YOUR ASSIGNMENT:
With the pictures left out, print exactly the lines below that run from the one containing "mochila de cuero" through the one containing "Portuguese mosaic floral".

THE INPUT:
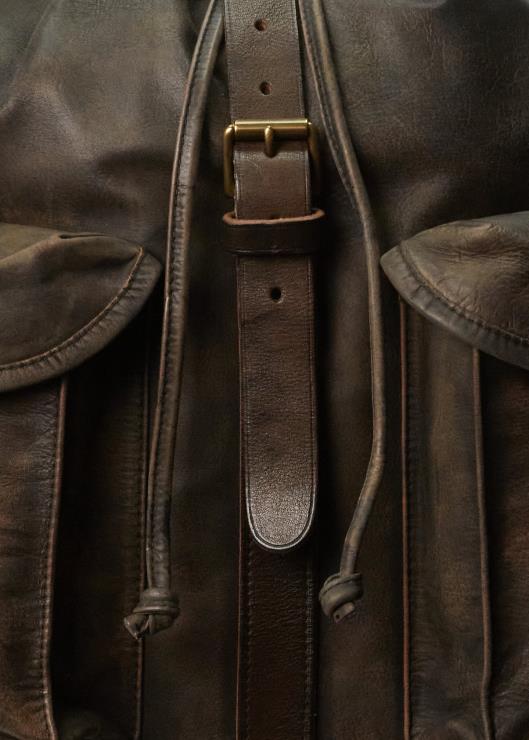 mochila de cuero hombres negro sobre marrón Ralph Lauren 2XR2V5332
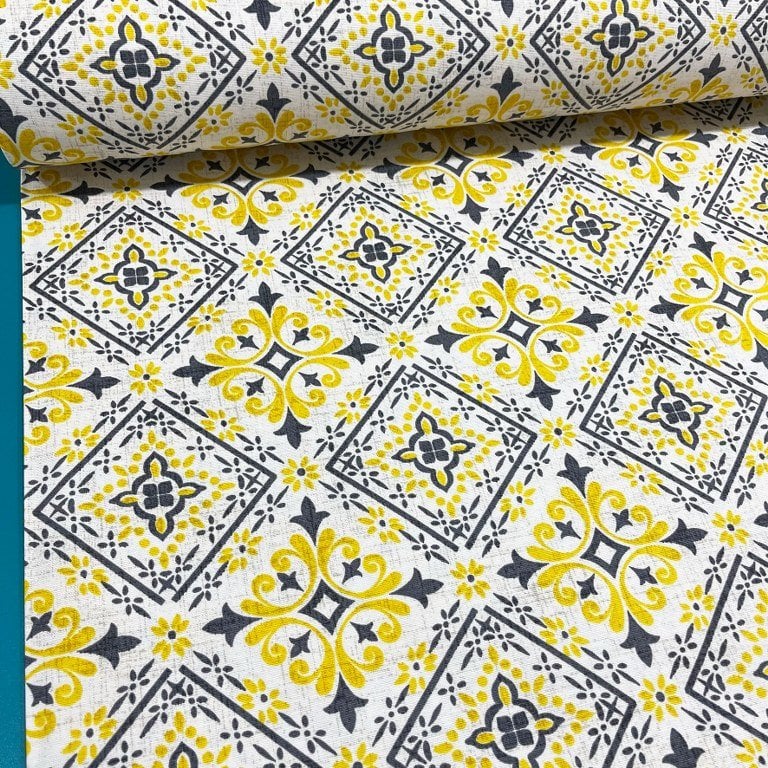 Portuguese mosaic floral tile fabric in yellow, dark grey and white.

* * *

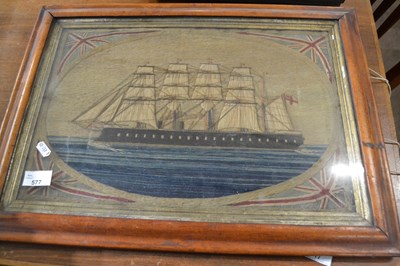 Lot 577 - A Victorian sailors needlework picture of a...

* * *

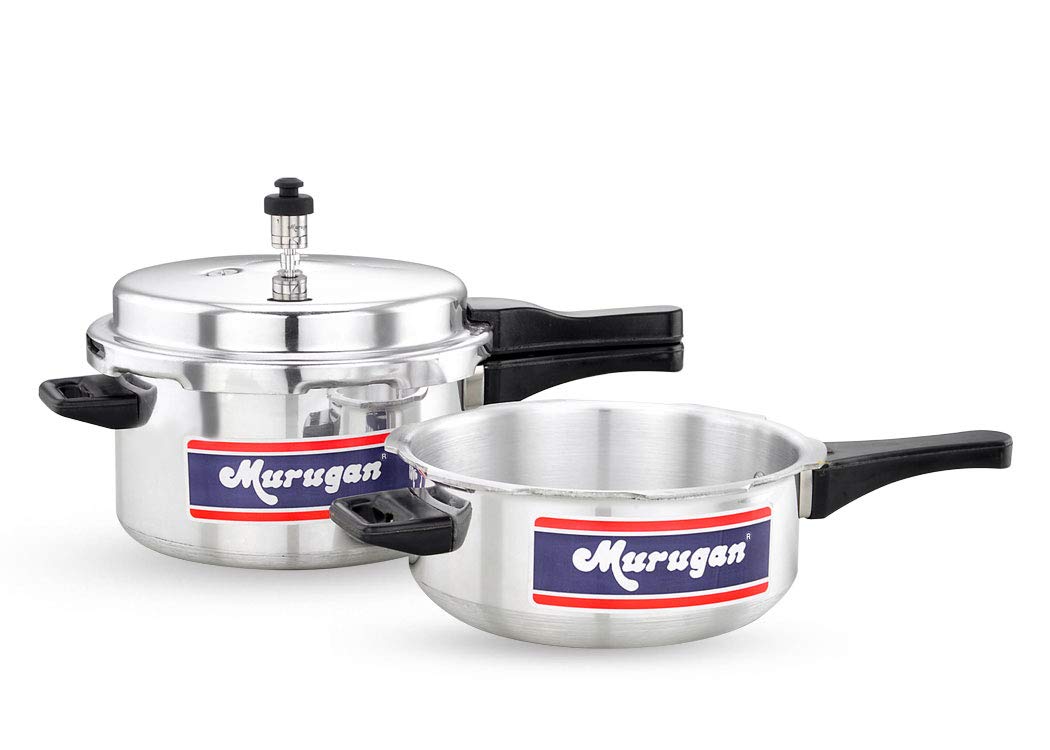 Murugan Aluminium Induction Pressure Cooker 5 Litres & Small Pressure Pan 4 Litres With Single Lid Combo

RESPONSE:
 mochila de cuero hombres negro sobre marrón Ralph Lauren 2XR2V5332
 Portuguese mosaic floral tile fabric in yellow, dark grey and white.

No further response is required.